### Work to be completed
Reproduce word for word, from the entries below, the line with "Chaise de patio", the line with "Valeni Boutique & 4* Portaria (Magnesia)", and every line between them, and nothing more.

### Provided data
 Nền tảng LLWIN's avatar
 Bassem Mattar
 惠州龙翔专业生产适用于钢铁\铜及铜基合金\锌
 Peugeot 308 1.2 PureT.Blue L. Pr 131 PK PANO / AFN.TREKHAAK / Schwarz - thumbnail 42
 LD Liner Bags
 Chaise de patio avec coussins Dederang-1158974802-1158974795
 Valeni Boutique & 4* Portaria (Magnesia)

==

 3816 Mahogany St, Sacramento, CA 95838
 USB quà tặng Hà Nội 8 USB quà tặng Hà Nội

---

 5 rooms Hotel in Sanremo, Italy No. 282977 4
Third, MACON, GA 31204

### Task result
 Chaise de patio avec coussins Dederang-1158974802-1158974795
 Valeni Boutique & 4* Portaria (Magnesia)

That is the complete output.